28 day squat challenge

This squat challenge is perfect if you are new to fitness and not afraid to work hard and be a little sore. It can also be a great routine if you are coming back from a long layoff getting back into working out. It is going to be a tough month but it is called a challenge for a reason. So use this squat challenge to get going with a bang!

This challenge will have you do squats every day except for 3 days for a whole month to completely change your lower body by building muscle in the legs and booty. And also depending on diet burn fat. You will perform more squats per workout for every week that passes to progressively overload your body so you get stronger and increase your endurance.

squat challenge

Related: 30 Day Booty Building Kettlebell Challenge

Week 1

Perform 50 air squats every day

Rest on day 7

Week 2

Perform 100 air squats every day

Rest on day 7

Week 3

Perform 150 air squats every day

Rest on day 7

Week 4

Perform 200 air squats every day

This is the last week and you won’t get any rest until the month is over.

After the challenge take at least 3 days off from training and then start another program that is not only squats. If you can’t perform all reps in a row it is completely fine. Do as many as you can then rest if needed and continue like this until you are finished no matter how long it takes.

How to do the Air Squat

*Stand with your feet about shoulder width, or a little wider if you want more focus on the booty, and keep your knees pointing a bit outwards.
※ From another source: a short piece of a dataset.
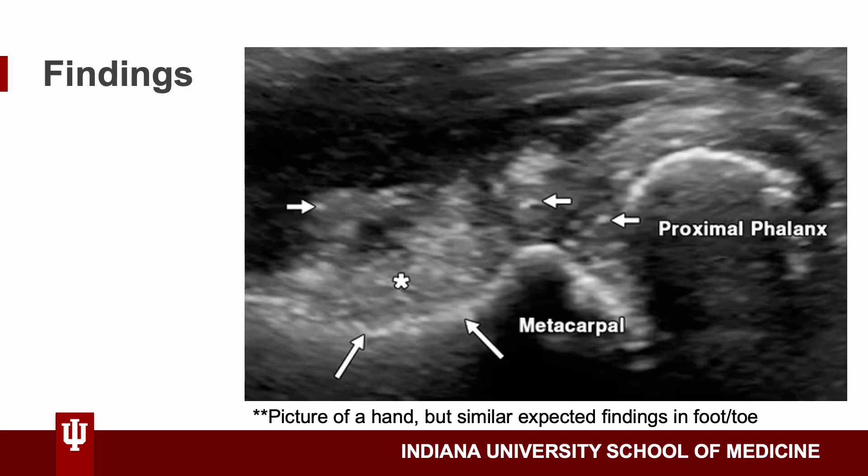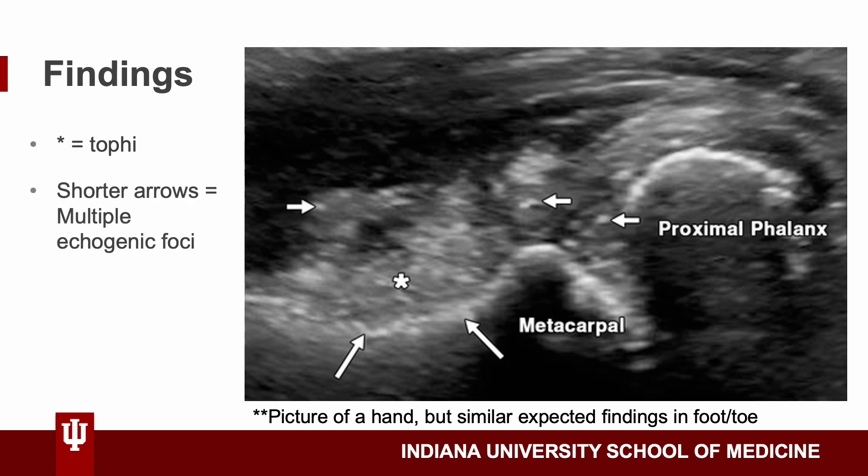Here are some of the findings you should expect when identifying gout in the toe. The asterisk marks TOFI, which are crystal formations. The short arrows show multiple echogenic foci. And the longer arrows show osseous erosion. These three findings — TOFI, echogenic foci, and osseous erosion — are the main things to look for if a patient has gout in their knee, foot, or toe.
* Put your hands in front of you and start the lowering part of the lift bending at the knees. Go as low as you can as long as the knees don’t fall in towards each other.

*Stand back up and at the top of the motion and squeeze your booty for a second.
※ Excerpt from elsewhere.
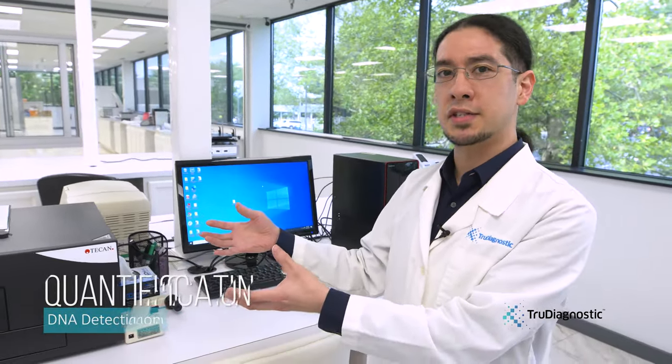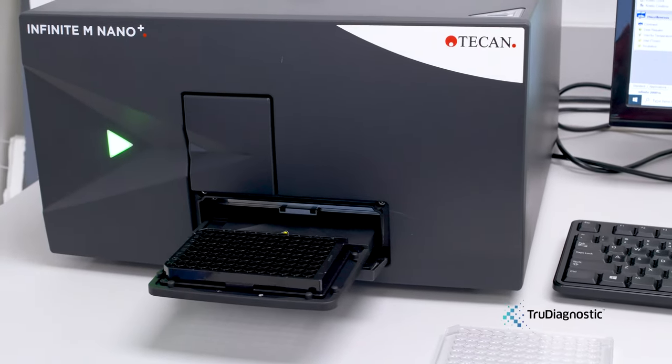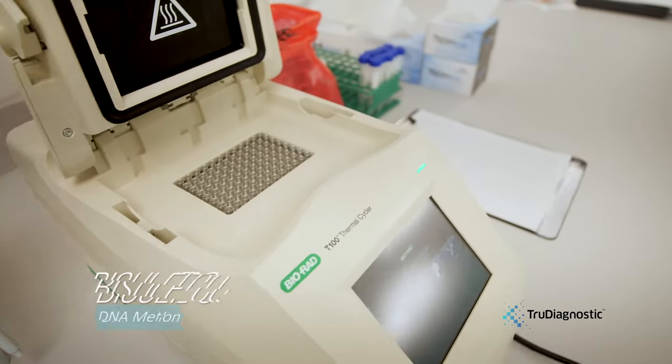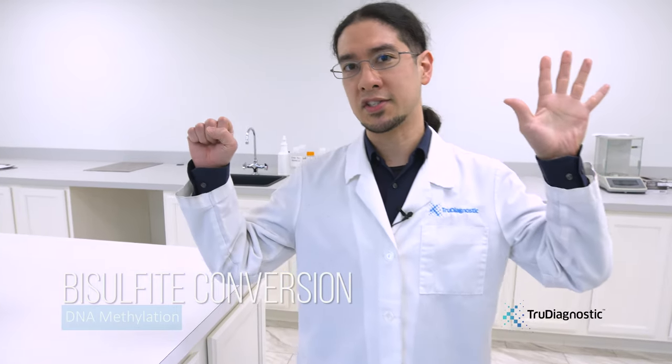This machine will read the fluorescence and we'll be able to compare it to a known standard, which will then give us an exact concentration of the sample we are working with. The next step is bisulfite conversion, which is the gold standard by which DNA methylation is analyzed. This protocol begins by looking at the methylated cytosines and non-methylated cytosines.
*That is one rep, repeat it for the prescribed number of reps.

Related: Iggy Azalea workout


This month will be hard so you do need to eat for the results you want. If you want to lose weight during this challenge focus on eating a lot of green veggies and fruit and a little less carbohydrates by eating less pasta, rice and potatoes. Also cutting out sugar as much as possible will do wonders for weight loss!

If you don’t mind gaining a little weight, do the exact opposite and eat more carbohydrates and a bit less greens. Even though you should always have veggies in your diet to get all vitamins, fibers and minerals they provide. Eating a bit more will maximize muscle growth during this month.  

Whichever way you want to proceed keep protein intake high so you get maximum recovery as you will do squats six days a week.